Tags: programming, git, github
[ 14:34 Jan 23, 2017    More programming | permalink to this entry | ]

Plotting Shapes with Python Basemap wwithout Shapefiles

In my article on Plotting election (and other county-level) data with Python Basemap, I used ESRI shapefiles for both states and counties.

But one of the election data files I found, OpenDataSoft's USA 2016 Presidential Election by county had embedded county shapes, available either as CSV or as GeoJSON. (I used the CSV version, but inside the CSV the geo data are encoded as JSON so you'll need JSON decoding either way. But that's no problem.)

Just about all the documentation I found on coloring shapes in Basemap assumed that the shapes were defined as ESRI shapefiles. How do you draw shapes if you have latitude/longitude data in a more open format?

As it turns out, it's quite easy, but it took a fair amount of poking around inside Basemap to figure out how it worked.

In the loop over counties in the US in the previous article, the end goal was to create a matplotlib Polygon and use that to add a Basemap patch. But matplotlib's Polygon wants map coordinates, not latitude/longitude.

If m is your basemap (i.e. you created the map with m = Basemap( ... ), you can translate coordinates like this:

    (mapx, mapy) = m(longitude, latitude)

So once you have a region as a list of (longitude, latitude) coordinate pairs, you can create a colored, shaped patch like this:

    for coord_pair in region:
        coord_pair[0], coord_pair[1] = m(coord_pair[0], coord_pair[1])
    poly = Polygon(region, facecolor=color, edgecolor=color)
    ax.add_patch(poly)

Working with the OpenDataSoft data file was actually a little harder than that, because the list of coordinates was JSON-encoded inside the CSV file, so I had to decode it with json.loads(county["Geo Shape"]). Once decoded, it had some counties as a Polygonlist of lists (allowing for discontiguous outlines), and others as a MultiPolygonlist of list of lists (I'm not sure why, since the Polygon format already allows for discontiguous boundaries)

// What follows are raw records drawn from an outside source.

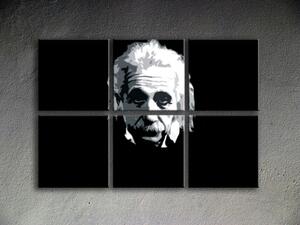 Ručne maľovaný POP Art obraz Einstein (POP ART obrazy)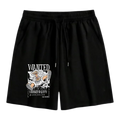 Luffy Wanted Shorts in Beige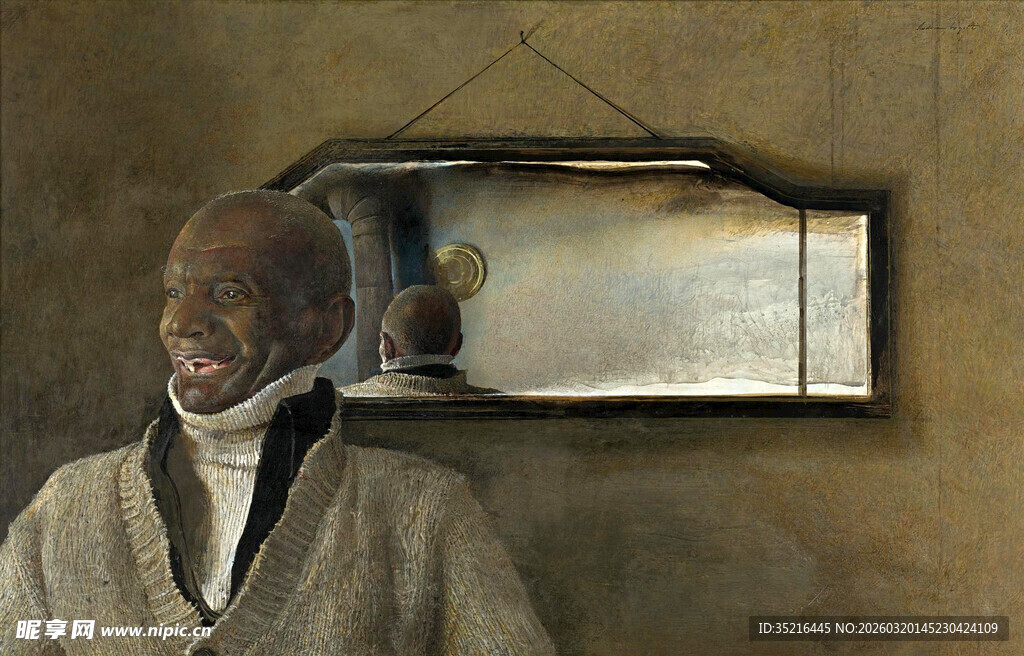 超现实人像与镜面艺术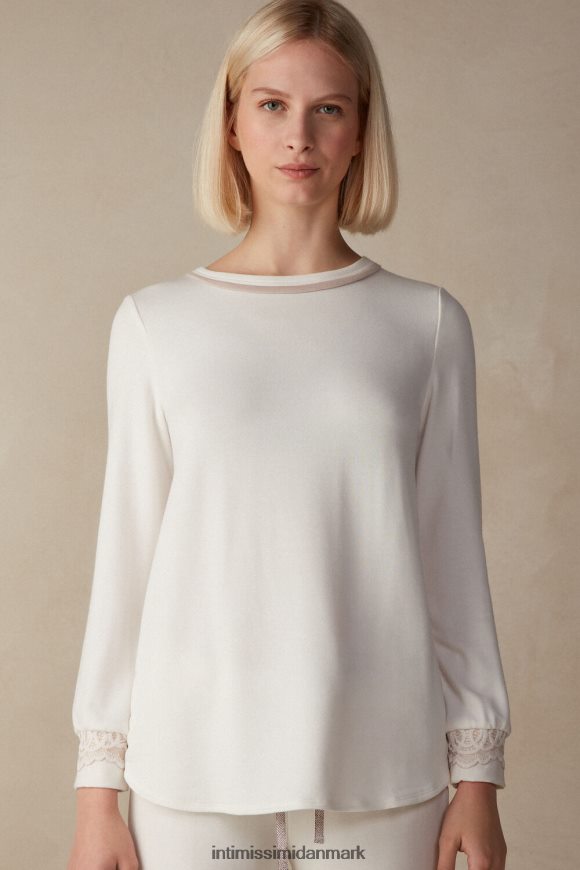 Intimissimi romantisk soveværelse modal med uldtop Kvinder 157j-pulver hvid/antik pink beklædning 8DZ4XJ1590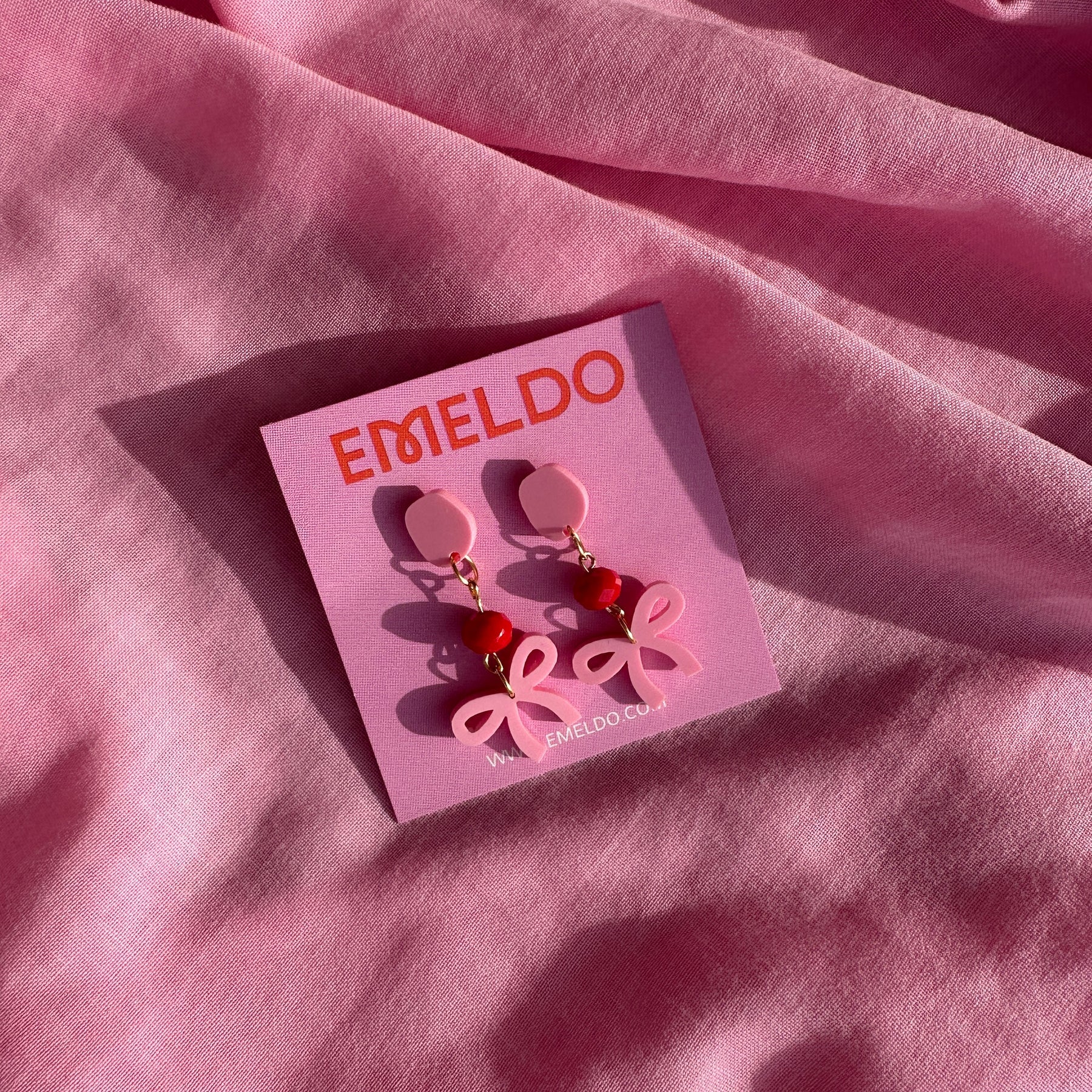 EMELDO DESIGN Beauty Bows pink and red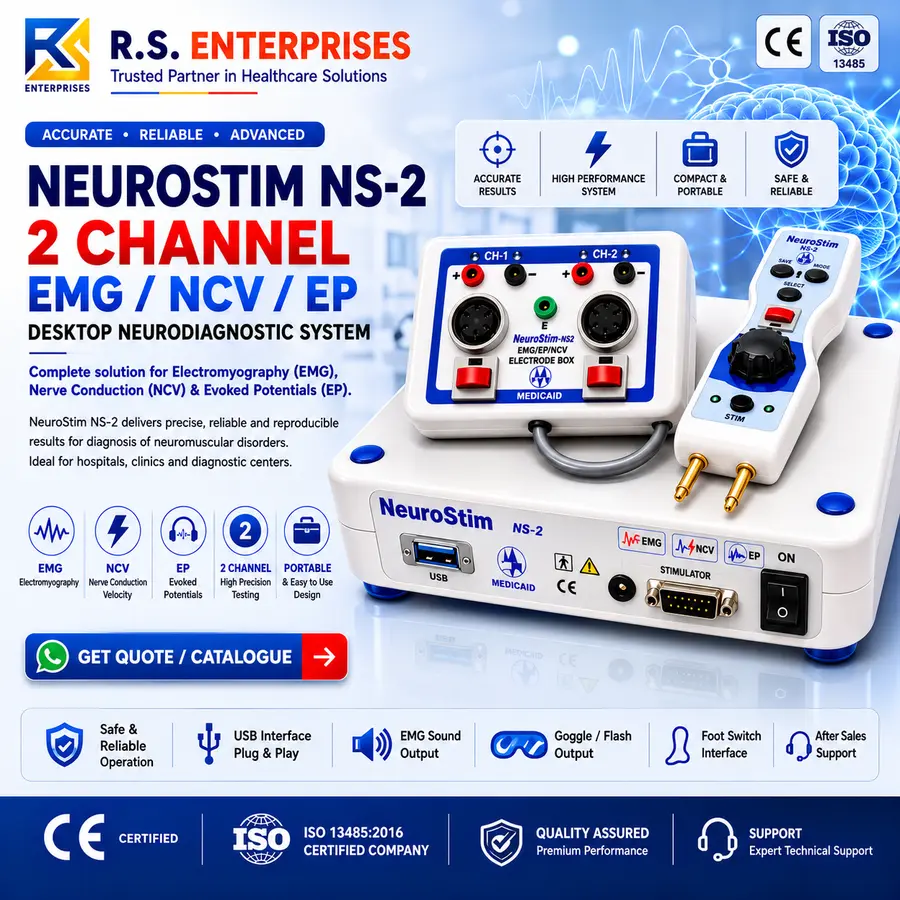 EMG 2 Channel Neurostim Machine – NEUROSTIM NS-2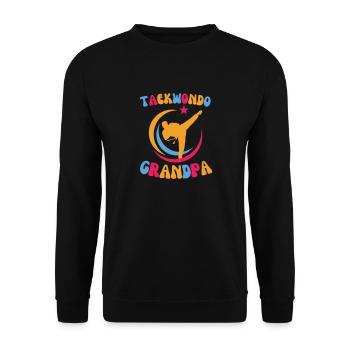 Männer Kampfsport Lustig Taekwondo Opa - Unisex Pullover - Schwarz - Vorne - Alina (178cm) & Michal (187cm)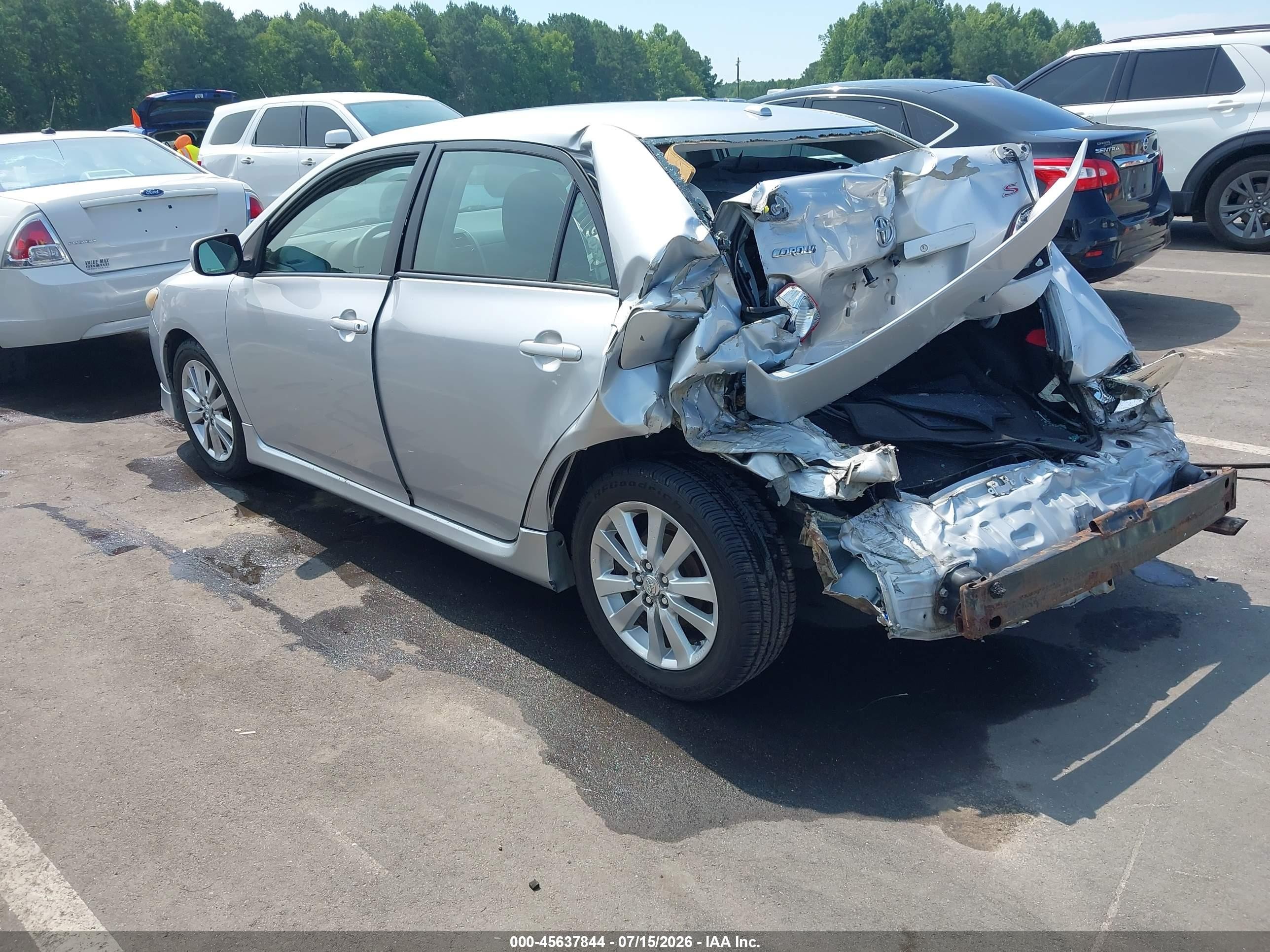 2009 Toyota Corolla S Серый vin: 2T1BU40E09C062517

And a few counties were missing, so there were blanks on the map, which show up as white patches in this screenshot. The counties missing data either have inconsistent formatting in their coordinate lists, or they have only one coordinate pair, and they include Washington, Virginia; Roane, Tennessee; Schley, Georgia; Terrell, Georgia; Marshall, Alabama; Williamsburg, Virginia; and Pike Georgia; plus Oglala Lakota (which is clearly meant to be Oglala, South Dakota), and all of Alaska.

One thing about crunching data files from the internet is that there are always a few special cases you have to code around. And I could have gotten those coordinates from the census shapefiles; but as long as I needed the census shapefile anyway, why use the CSV shapes at all? In this particular case, it makes more sense to use the shapefiles from the Census.

Still, I'm glad to have learned how to use arbitrary coordinates as shapes, freeing me from the proprietary and annoying ESRI shapefile format.

The code: Blue-red map using CSV with embedded county shapes

Tags: elections, politics, visualization, programming, data, open data, data, matplotlib, government, transparency
[ 09:36 Jan 19, 2017    More programming | permalink to this entry | ]

Plotting election (and other county-level) data with Python Basemap

After my arduous search for open 2016 election data by county, as a first test I wanted one of those red-blue-purple charts of how Democratic or Republican each county's vote was.

I used the Basemap package for plotting. It used to be part of matplotlib, but it's been split off into its own toolkit, grouped under mpl_toolkits: on Debian, it's available as python-mpltoolkits.basemap, or you can find Basemap on GitHub.

It's easiest to start with the fillstates.py example that shows how to draw a US map with different states colored differently. You'll need the three shapefiles (because of ESRI's silly shapefile format): st99_d00.dbf, st99_d00.shp and st99_d00.shx, available in the same examples directory.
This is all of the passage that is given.